Something grappled her wrist.

She looked down — all the motion she could muster. And the moment’s terror was gone. Noyeed held her forearm with hard fingers.

The eye turned from Pryn to Gorgik — the Liberator was looking down with the same questioning Pryn fancied on her own face.

‘She has a knife, master!’ Noyeed’s gappy gums opened over his words like a mask of Pryn’s own former fear: he looked as if he were avoiding a blow. ‘See — at her waist? The spy has a blade! I was only protecting your life, master — protecting it as I have protected it before, as I will always protect it!’

Pryn wanted to laugh and only waited for the Liberator’s great and generous laughter to release hers.

‘Very well then, Blue Heron.’ Gorgik did not laugh. ‘Take my gift, with your blade, into the south.’

Pryn jerked her arm from Noyeed’s grip. The little man, squatting at their feet, almost lost balance. She stepped back. The chain pulled from the Libertor’s hands. The astrolabe fell against her breasts.

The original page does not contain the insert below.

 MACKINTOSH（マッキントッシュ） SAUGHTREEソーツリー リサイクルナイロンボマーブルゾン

‘No one can say for certain what confusion I give you.’ (Gorgik’s perturbation seemed far from her own. And where, a moment back, she had felt at one with him, a oneness inscribed in wonder and fear, now she felt only annoyance inscribed on more annoyance.) ‘Tomorrow I shall go to the High Court of Eagles for…the first time? Does anyone in this strange and terrible land ever go anywhere, without having been there before in myth or dream? The ministers with whom I shall confer will ask me a simple question. Beyond my campaign to free Nevèrÿon’s slaves, whom will I ally myself with next? Will I take up the cause of the workers who toil for wages only a step above slavery? Or will I take up the marginal workless who, without wages at all, live a step below? Shall I ally myself with those women who find themselves caught up, laboring without wages, for the male population among both groups? For they are, all of them — these free men and women — caught in a freedom that, despite the name it bears, makes movement through society impossible, that makes the quality of life miserable, that allows no chance and little choice in any aspect of the human not written by the insertion or elision of the sign for production. This is what Lord Krodar will ask me. And I shall answer…’

Balancing on the balls of her feet, Pryn felt as unsteady as little Noyeed, crouched and blinking, looked.

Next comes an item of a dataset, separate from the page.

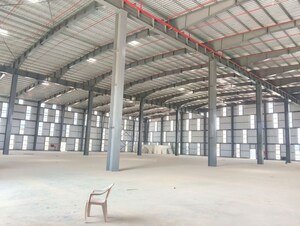  Warehouse – Exterior View View at Devanahalli - for Rent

‘I shall answer that I do not know.’ Gorgik’s hand found the little man’s shoulder; the horny forefinger hooked again over the collar. Noyeed, at any rate, seemed steadied. ‘I shall say that, because I spent my real youth as a real slave in your most real and royal obsidian mines, the machinery of my desire is caught up within the working of the iron hinge. Slavery is, for me, not a word in a string of words, wrought carefully for the voice that will enunciate it for the play of glow and shade it can initiate in the playful mind. I cannot tell this minister what slavery means, for me, beyond slavery — not because desire clouds my judgment, but because I had the misfortune once to be a slave.’

Elation triumphed over all fear; annoyance was gone. And joy seemed a small thing to sacrifice before what Pryn suddenly recognized as the absolute freedom of the real, a freedom that, in its intensity, had only been intimated by the truth of dragons.

She turned, started for the archway —

‘Where are you going…?’ which was the one-eyed bandit.

‘To the south!’ Pryn called.

Gorgik laughed.

And Pryn ran through moon-slashed rooms, down leaf-loud steps, across the unroofed court. Climbing through the window, she laughed to be leaving by the way she’d entered because of something so indistinguishable from habit when one was this free that habit seemed…But she did not know what it seemed; and crashed through grass and garden brambles, rushed by a stifled fountain, pushed back branches at the wall, felt along stone for the opening, found it, wedged herself into darkness —

Her shift snagged as she slid by rock. She pulled — and heard something tear. Still, she managed to get one arm out, then her head —

‘Give me my knife!’

Fingers grappled her hair; and her arm, yanking.